» **Data supplied**

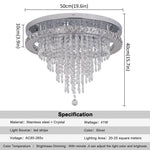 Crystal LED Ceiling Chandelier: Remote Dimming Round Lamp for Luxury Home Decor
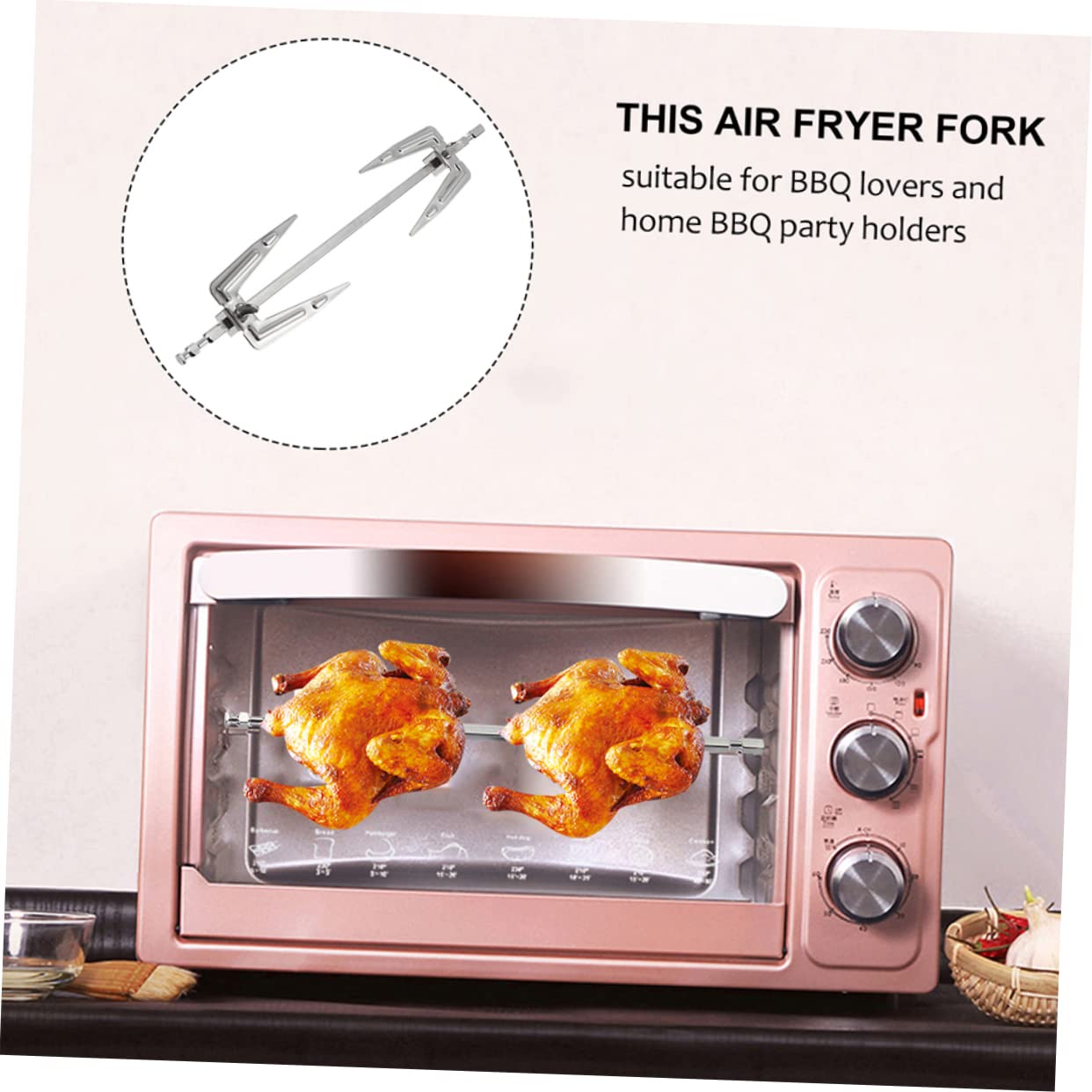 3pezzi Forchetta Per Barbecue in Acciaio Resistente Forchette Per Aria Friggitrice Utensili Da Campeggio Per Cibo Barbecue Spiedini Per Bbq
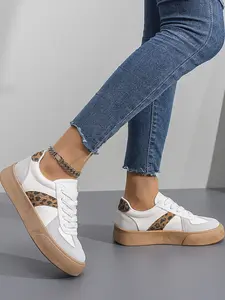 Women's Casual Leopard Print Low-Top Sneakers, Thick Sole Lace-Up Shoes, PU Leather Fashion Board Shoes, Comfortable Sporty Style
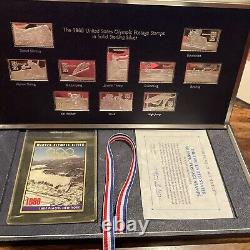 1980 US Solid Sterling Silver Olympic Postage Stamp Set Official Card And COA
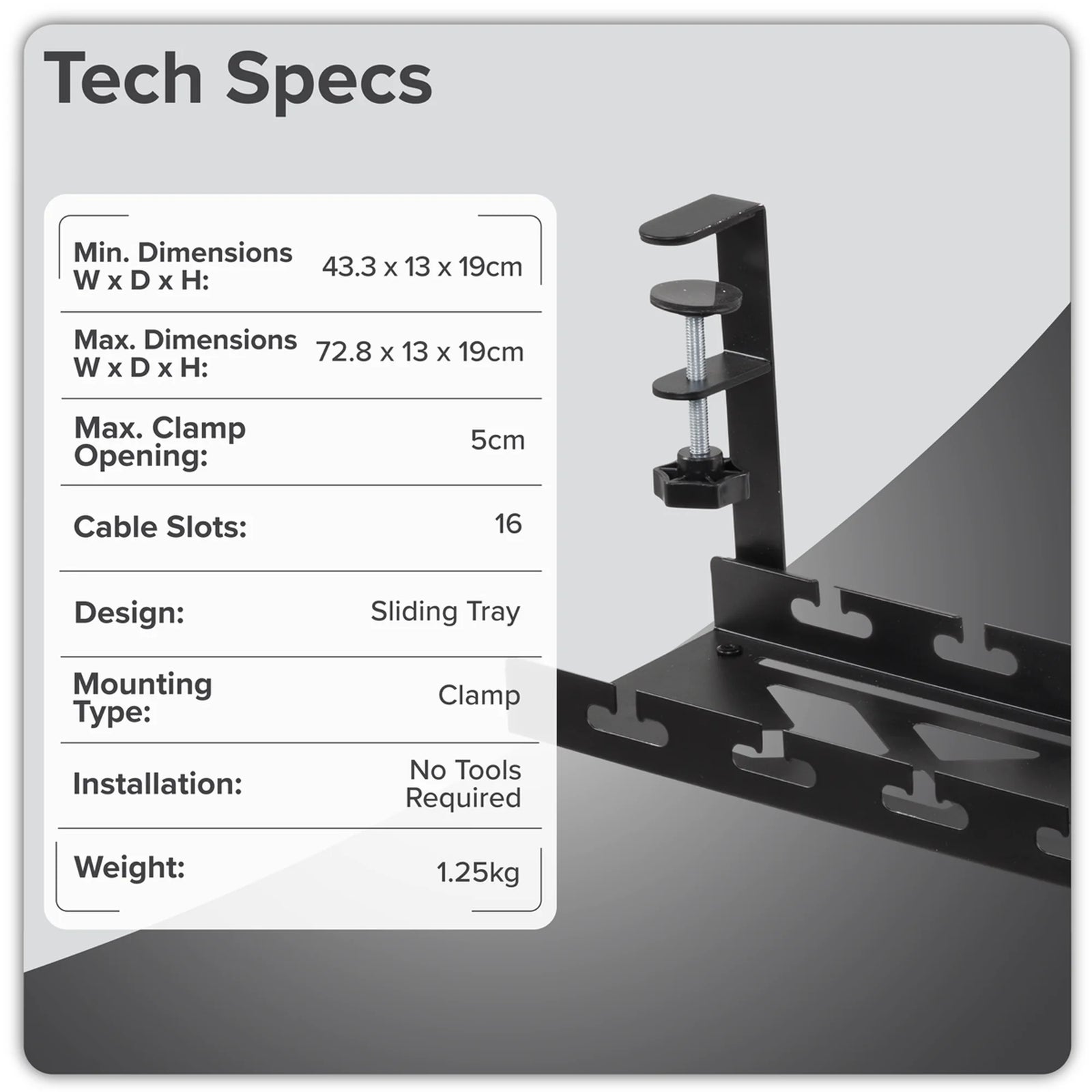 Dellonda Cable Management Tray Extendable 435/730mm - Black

==

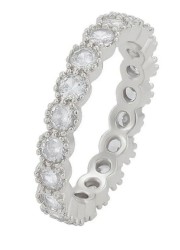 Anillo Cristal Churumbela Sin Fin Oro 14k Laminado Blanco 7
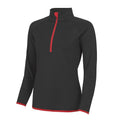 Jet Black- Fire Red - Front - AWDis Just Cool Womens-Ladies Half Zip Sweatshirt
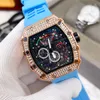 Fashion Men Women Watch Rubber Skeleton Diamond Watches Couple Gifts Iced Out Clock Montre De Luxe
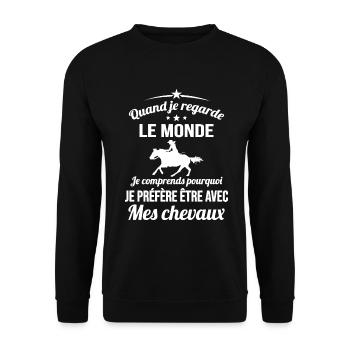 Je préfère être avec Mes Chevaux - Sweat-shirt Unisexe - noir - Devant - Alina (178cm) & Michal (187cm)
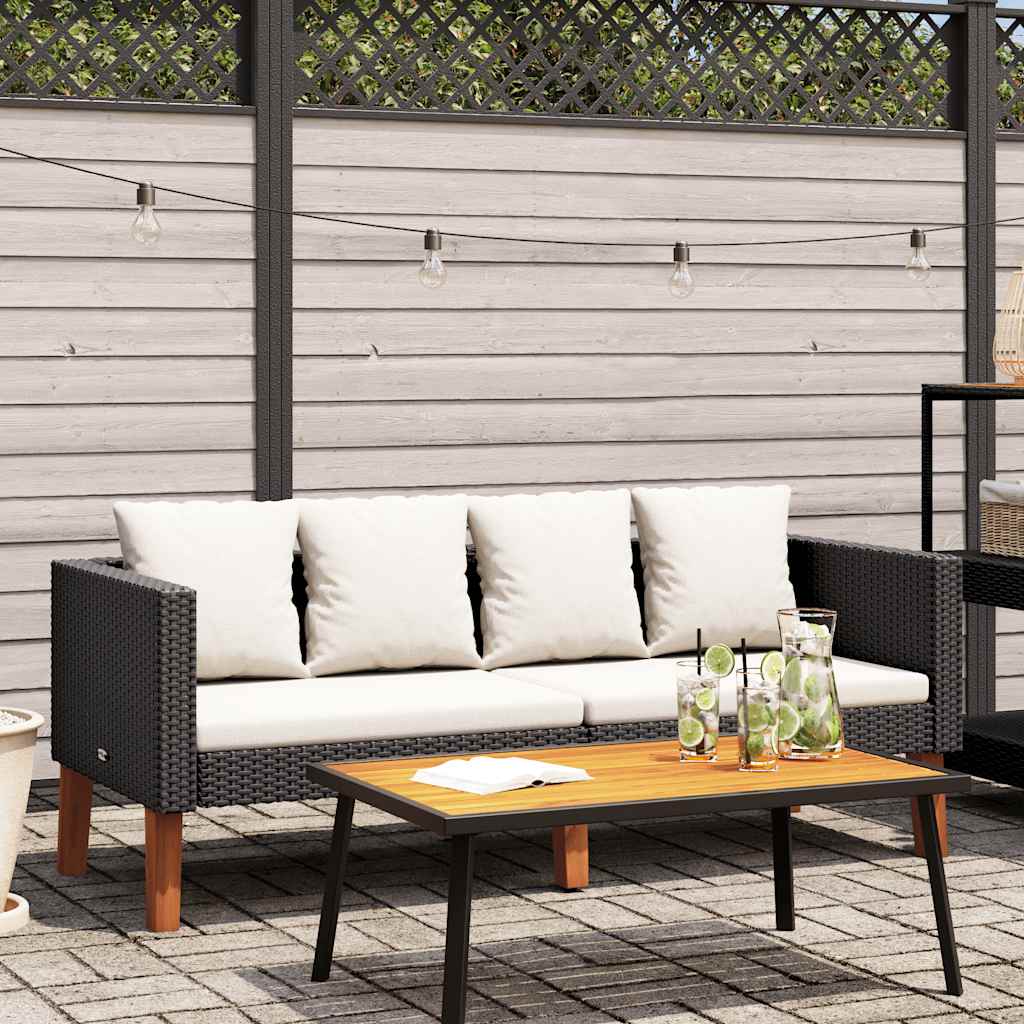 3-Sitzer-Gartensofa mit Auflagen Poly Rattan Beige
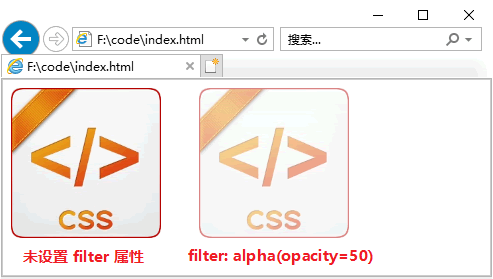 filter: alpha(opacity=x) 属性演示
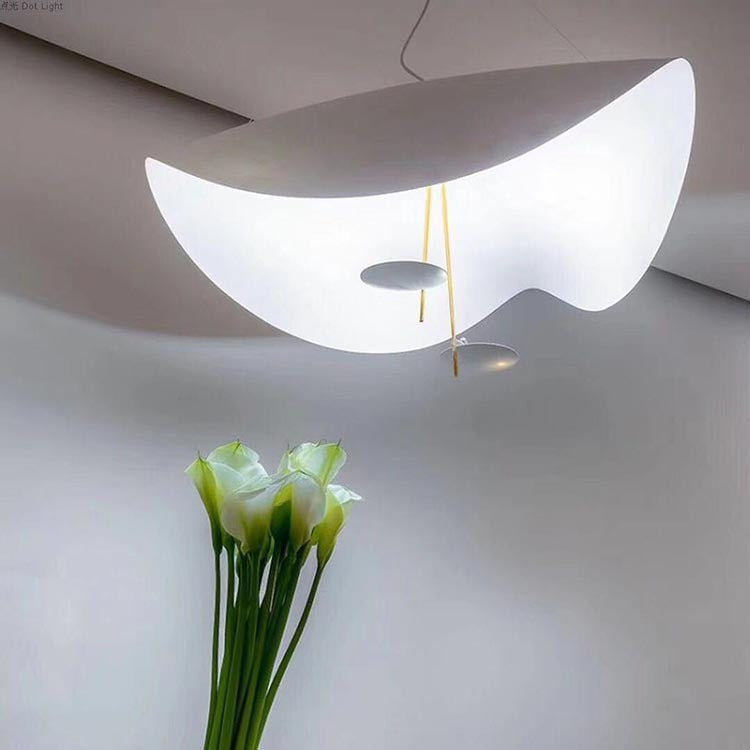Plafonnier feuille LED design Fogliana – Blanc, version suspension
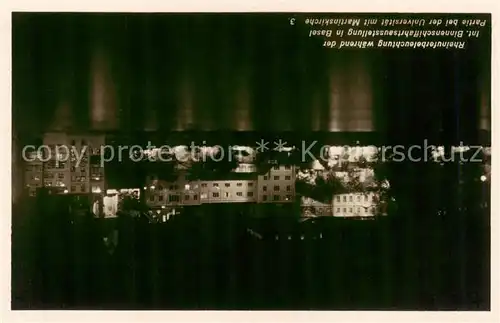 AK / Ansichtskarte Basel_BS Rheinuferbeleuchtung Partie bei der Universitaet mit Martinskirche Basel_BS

* * *

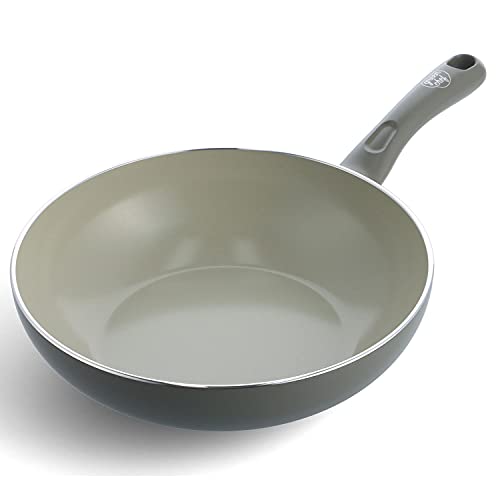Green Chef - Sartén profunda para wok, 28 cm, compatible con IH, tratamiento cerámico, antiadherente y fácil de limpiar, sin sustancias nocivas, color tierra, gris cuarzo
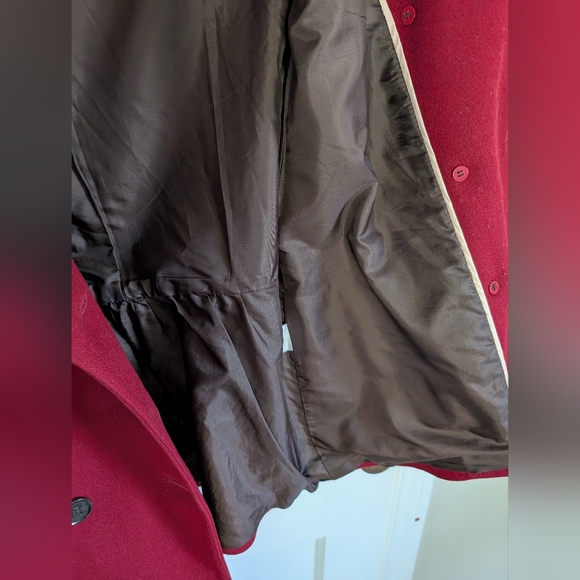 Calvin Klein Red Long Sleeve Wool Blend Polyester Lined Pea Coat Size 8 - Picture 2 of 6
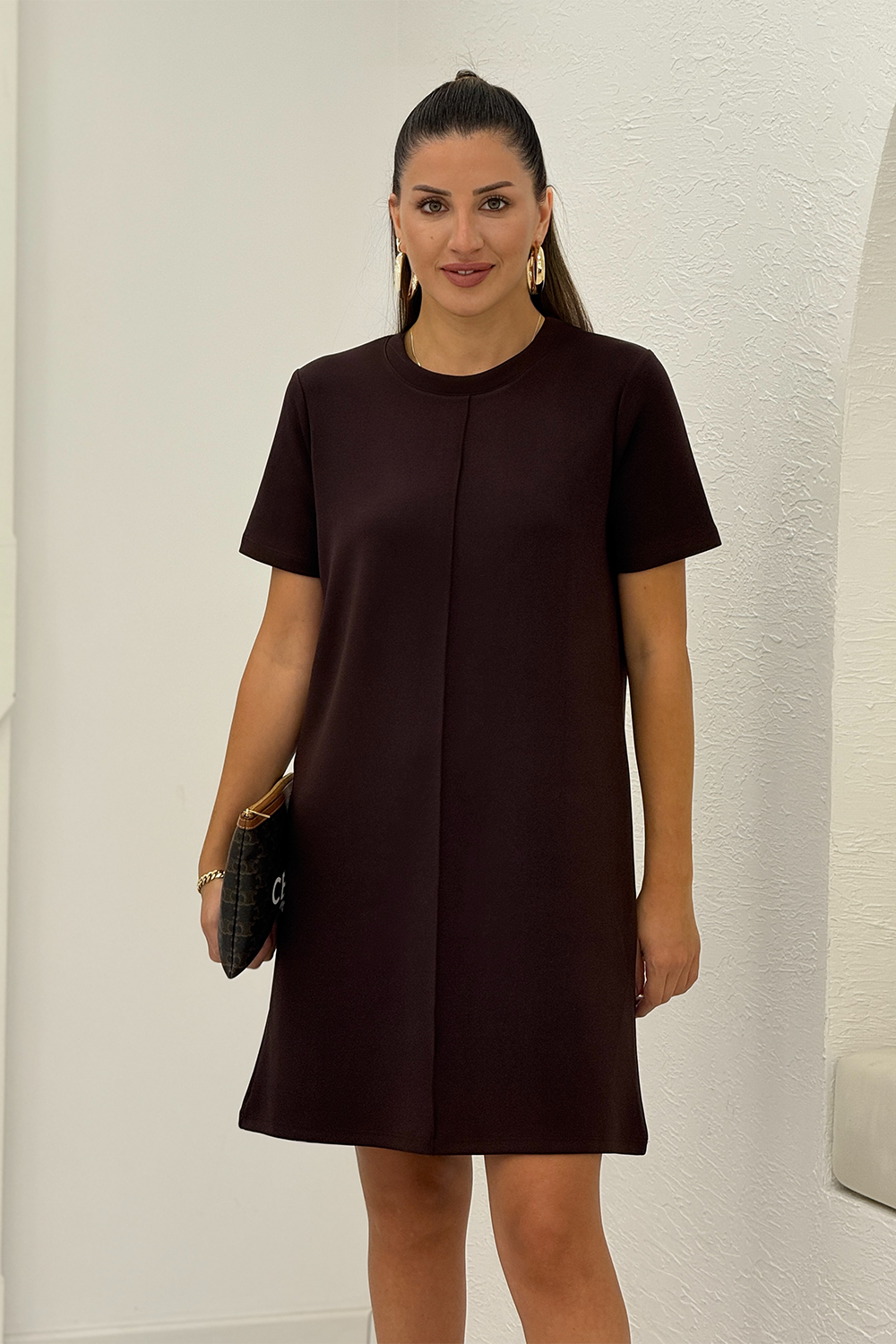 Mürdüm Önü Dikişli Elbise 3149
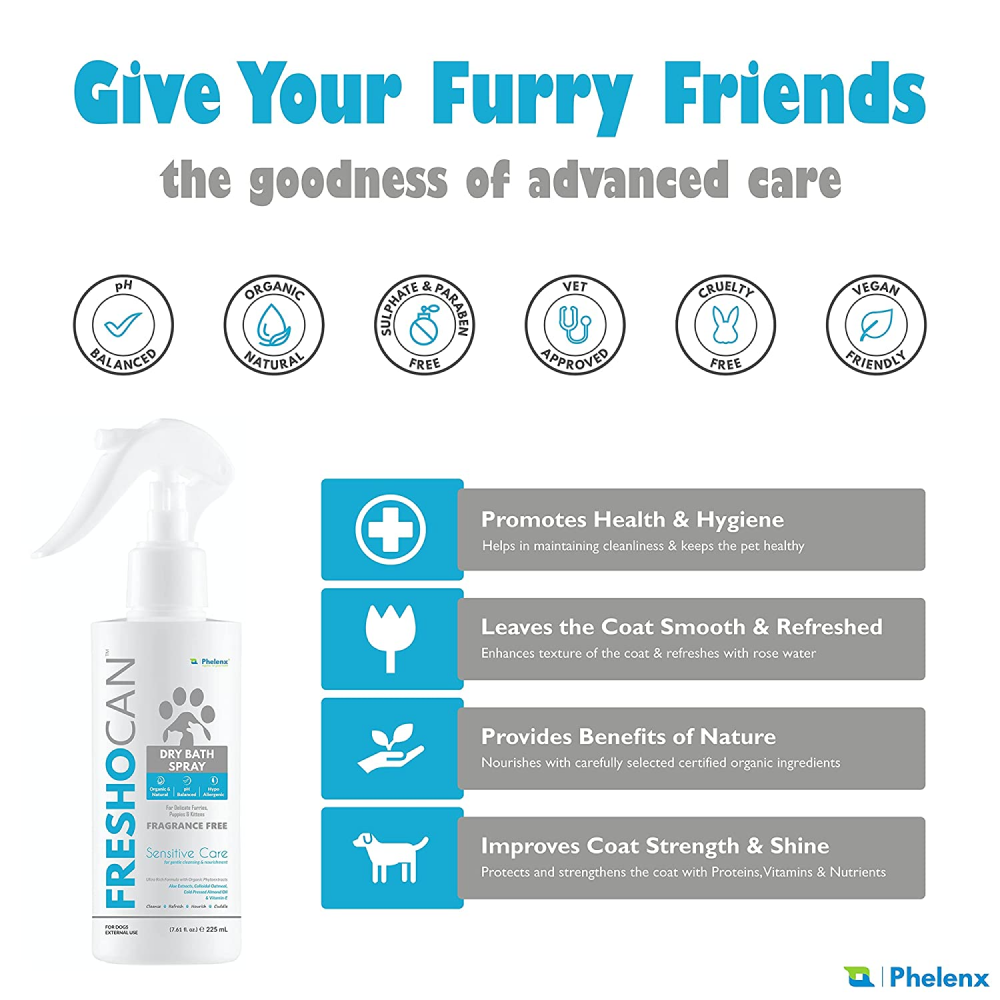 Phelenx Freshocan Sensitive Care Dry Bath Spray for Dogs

» **Instructions to follow**
Although pictures appear among the records above, write out exactly only the lines from the one that has "3-Sitzer-Gartensofa mit Auflagen" through the one that has "AK / Ansichtskarte", and leave the pictures out.

» **Exercise output**
 3-Sitzer-Gartensofa mit Auflagen Poly Rattan Beige
 filter: alpha(opacity=x) 属性演示
Plafonnier feuille LED design Fogliana – Blanc, version suspension
 AK / Ansichtskarte Basel_BS Rheinuferbeleuchtung Partie bei der Universitaet mit Martinskirche Basel_BS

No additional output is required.